Dalam sejarah Amerika Selatan, Gran Colombia, sebagai negara yang singkat namun megah, telah menyaksikan perjuangan politik, gerakan kemerdekaan, dan tahun-tahun revolusi yang gemilang. Namun, di balik periode sejarah ini terdapat pertikaian sengit antara dua tokoh penting—Simon Bolivar dan Francisco Santander. Ide-ide politik dan konflik kepentingan mereka secara langsung memengaruhi kelangsungan hidup Gran Colombia dan bahkan menjadi bagian penting dari sejarah Amerika saat ini.
Gran Colombia, secara resmi Republik Kolombia, didirikan pada tahun 1819, menciptakan negara besar yang meliputi Kolombia, Ekuador, Venezuela, dan Panama saat ini. Dengan latar belakang sejarah dan budayanya yang unik, negara ini telah menjadi simbol gerakan kemerdekaan Amerika Selatan.
Mereka yang mengenal Simon Bolivar tahu bahwa ia adalah pemimpin yang tak kenal takut, namun keyakinannya dibayangi oleh konflik dengan Santander.
Pada masa-masa awal Gran Colombia, Bolivar menjabat sebagai presiden dan Santander menjabat sebagai wakil presiden. Kerja sama mereka memberi banyak warga Amerika Selatan harapan untuk merdeka. Namun, seiring berjalannya waktu, perbedaan antara keduanya perlahan muncul. Bolivar menganjurkan sentralisasi yang kuat, percaya bahwa hanya dengan cara ini negara pascaperang dapat dikelola secara efektif; sebaliknya, Santander mendukung federalisme dan percaya bahwa daerah harus memiliki lebih banyak otonomi.
Filosofi pemerintahan yang berbeda ini telah menyebabkan meningkatnya ketegangan internal di Gran Colombia. Para pendukung Bolivar menganjurkan pemerintah pusat yang kuat dan berjuang untuk penyatuan, sementara para pengikut Santander dengan keras menganjurkan otonomi daerah. Perjuangan seperti itu secara langsung menyebabkan ketidakstabilan politik di Kolombia dan bahkan mengintensifkan kecenderungan separatis di wilayah lain.
Cara Santander dan para pendukungnya menilai Bolivar, di satu sisi, memuji keberanian dan kebijaksanaannya, tetapi di sisi lain, mereka juga mempertanyakan kecenderungan otoriternya.

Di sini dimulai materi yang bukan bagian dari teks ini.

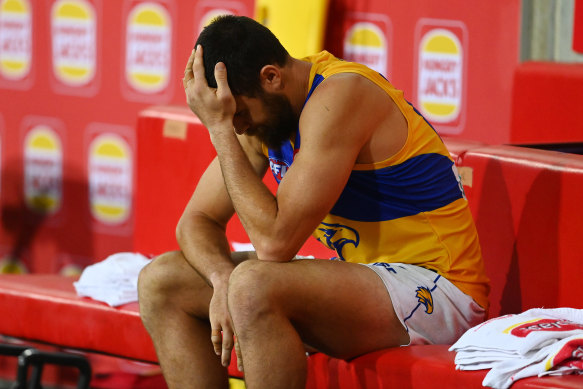 A dejected Eagles forward Josh Kennedy sits on the bench.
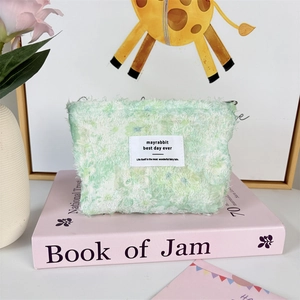Detailed view of mint green plush chiffon floral makeup bag with woven brand label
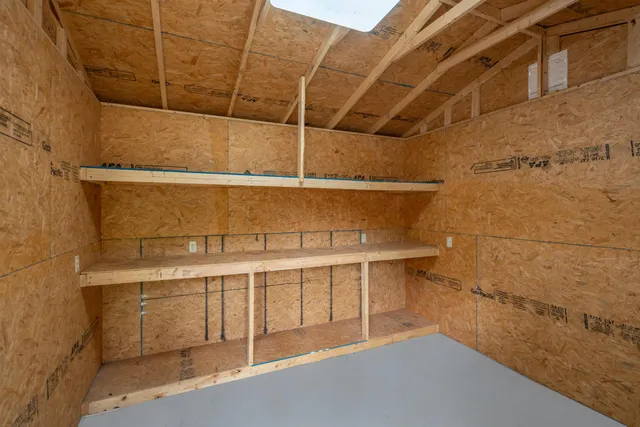 a view of a room with racks on the wall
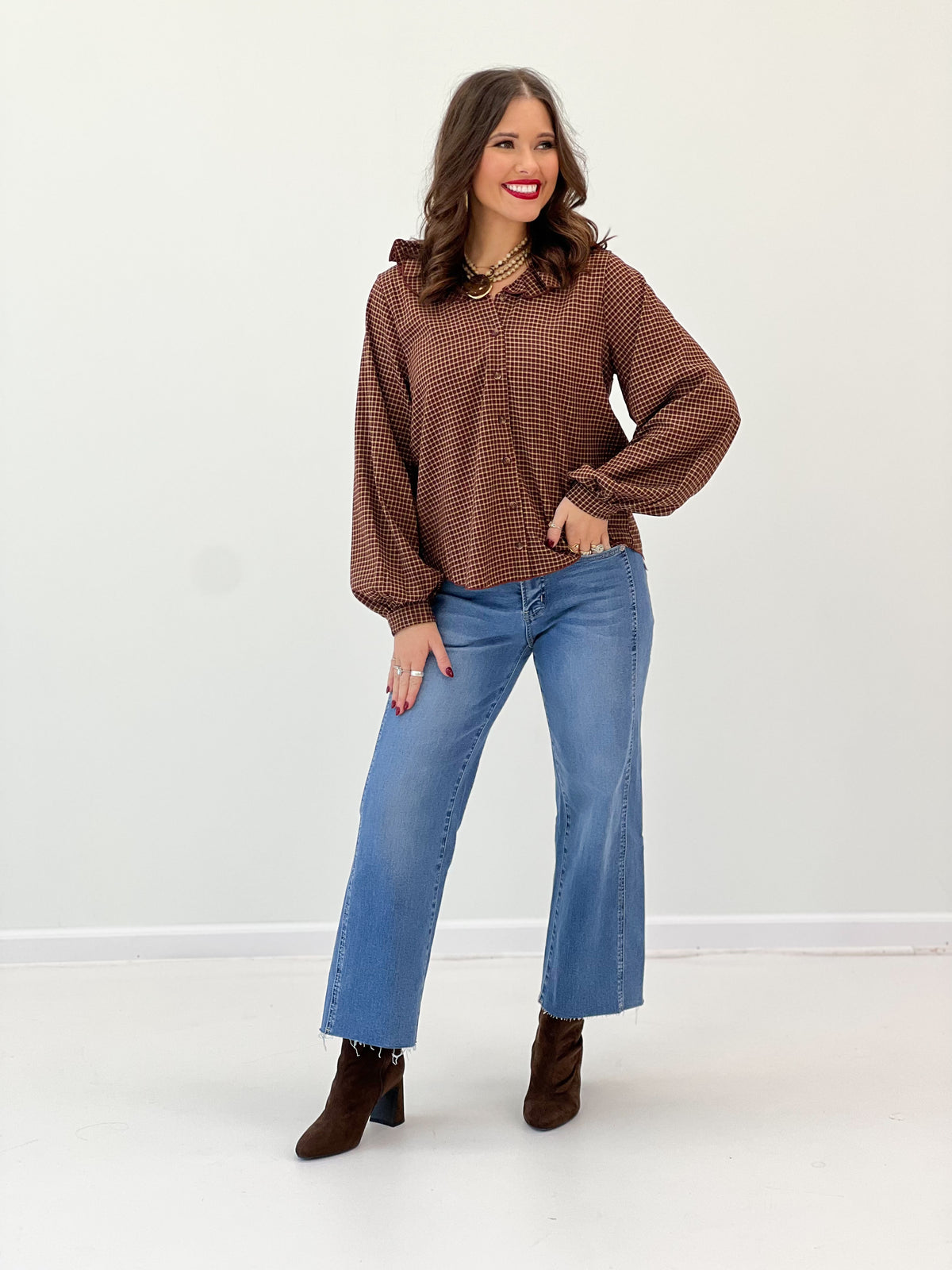 Burgundy plaid ruffle-collar blouse with long sleeves and gathered detail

Setelah tahun 1825, konflik internal di Gran Colombia mencapai puncaknya. Seiring berjalannya waktu, suara-suara yang tidak setuju dari seluruh negeri semakin keras, terutama di Venezuela, di mana ketidakpuasan terhadap pemerintah pusat semakin meningkat. Akhirnya, tren fragmentasi ini menyebabkan disintegrasi Gran Colombia, yang berakhir pada tahun 1831.
Runtuhnya Gran Colombia tidak hanya mencerminkan kegagalan dua raksasa politik, tetapi juga melambangkan kesenjangan antara cita-cita dan realitas negara Amerika Selatan saat itu. Baik secara politik, ekonomi, maupun budaya, tuntutan dari berbagai tempat muncul silih berganti, tetapi pemerintah pusat tidak mampu memenuhi tuntutan tersebut secara efektif, yang pada akhirnya berujung pada disintegrasi negara.
Sejarah memang selalu kejam. Ambisi Bolívar tidak mampu menyelamatkan cita-cita itu dalam gelombang perebutan kekuasaan.
Disintegrasi Gran Colombia tidak hanya memengaruhi Venezuela, Ekuador, dan Kolombia saat itu, tetapi juga meninggalkan jejak yang tak terhapuskan pada hubungan internasional jangka panjang. Selanjutnya, negara-negara terus berupaya membangun kembali hubungan lama dan mencari konsensus politik. Namun, struktur kepercayaan dan kerja sama yang telah lama rusak sulit dipulihkan.
Perjuangan antara Simon Bolívar dan Francisco Santander tidak diragukan lagi merupakan bab paling intens dan menggugah pikiran dalam sejarah Amerika Selatan. Cita-cita dan tuntutan kedua pemimpin tersebut telah menjadi ajang kekuasaan dan kepercayaan karena banyaknya peristiwa sejarah dan perubahan batas wilayah. Apa yang diajarkan semua ini kepada kita?